**Problem statement:**
Repeat only the lines below that run from the line with "A vintage oak" to the line with "White toddler sneaker", ends included; skip every picture.

**Source information:**
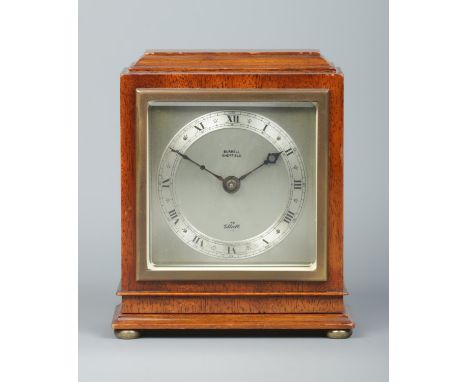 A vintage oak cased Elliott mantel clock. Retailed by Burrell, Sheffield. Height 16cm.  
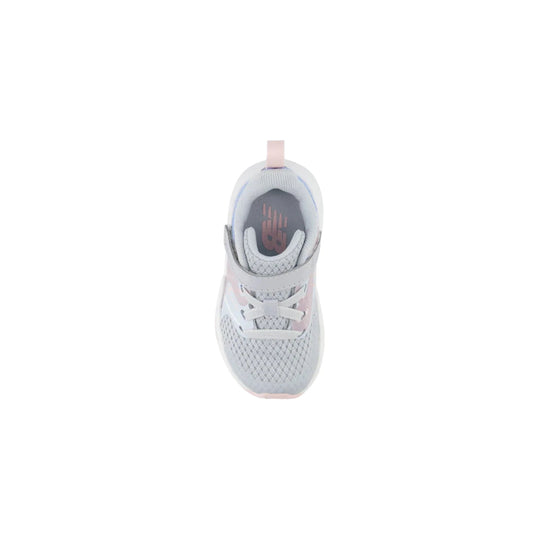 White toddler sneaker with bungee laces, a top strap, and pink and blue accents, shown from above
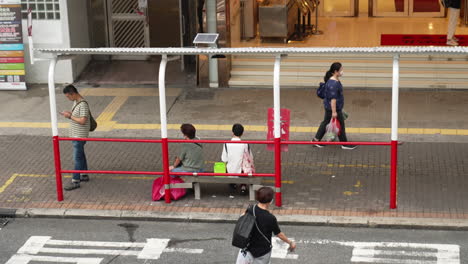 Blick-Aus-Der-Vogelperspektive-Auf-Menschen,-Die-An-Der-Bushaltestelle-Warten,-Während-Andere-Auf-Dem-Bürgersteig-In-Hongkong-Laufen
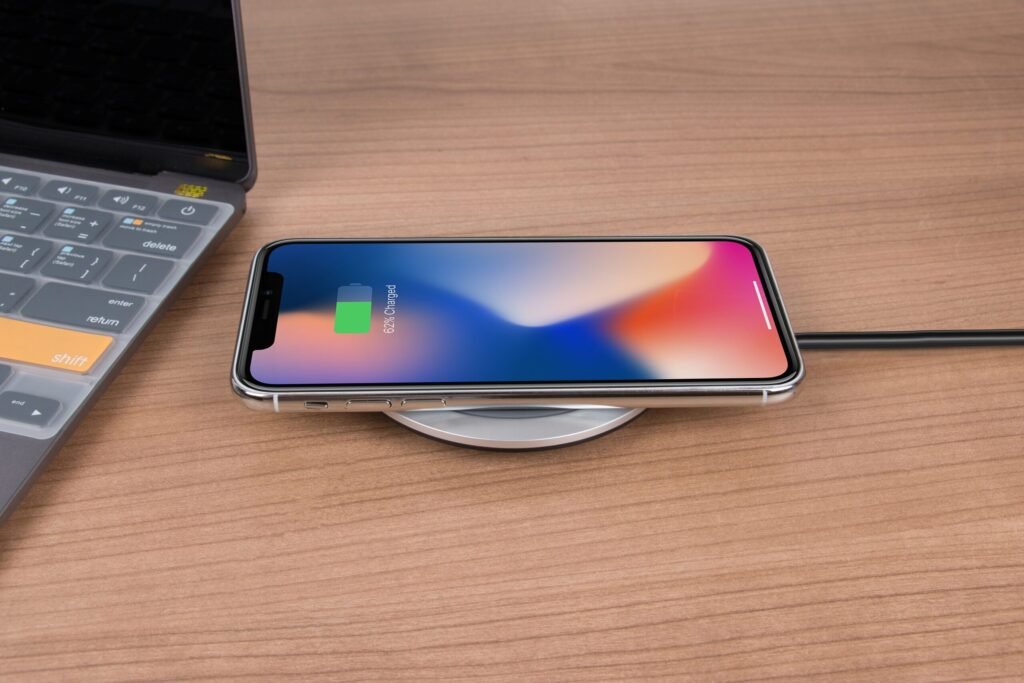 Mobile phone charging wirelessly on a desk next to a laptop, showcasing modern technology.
---
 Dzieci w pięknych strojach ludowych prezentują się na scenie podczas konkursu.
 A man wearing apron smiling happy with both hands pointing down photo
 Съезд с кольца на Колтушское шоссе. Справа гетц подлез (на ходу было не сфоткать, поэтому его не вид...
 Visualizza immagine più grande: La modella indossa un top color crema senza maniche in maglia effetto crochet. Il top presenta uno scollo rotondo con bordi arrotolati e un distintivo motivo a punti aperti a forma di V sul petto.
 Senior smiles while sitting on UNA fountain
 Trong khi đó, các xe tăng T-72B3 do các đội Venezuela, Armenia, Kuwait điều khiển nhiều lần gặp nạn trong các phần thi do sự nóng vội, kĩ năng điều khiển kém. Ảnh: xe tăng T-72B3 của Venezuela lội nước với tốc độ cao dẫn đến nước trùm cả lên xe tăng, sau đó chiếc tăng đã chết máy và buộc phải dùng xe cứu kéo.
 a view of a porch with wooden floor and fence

**Task solution:**
 A vintage oak cased Elliott mantel clock. Retailed by Burrell, Sheffield. Height 16cm.  
 White toddler sneaker with bungee laces, a top strap, and pink and blue accents, shown from above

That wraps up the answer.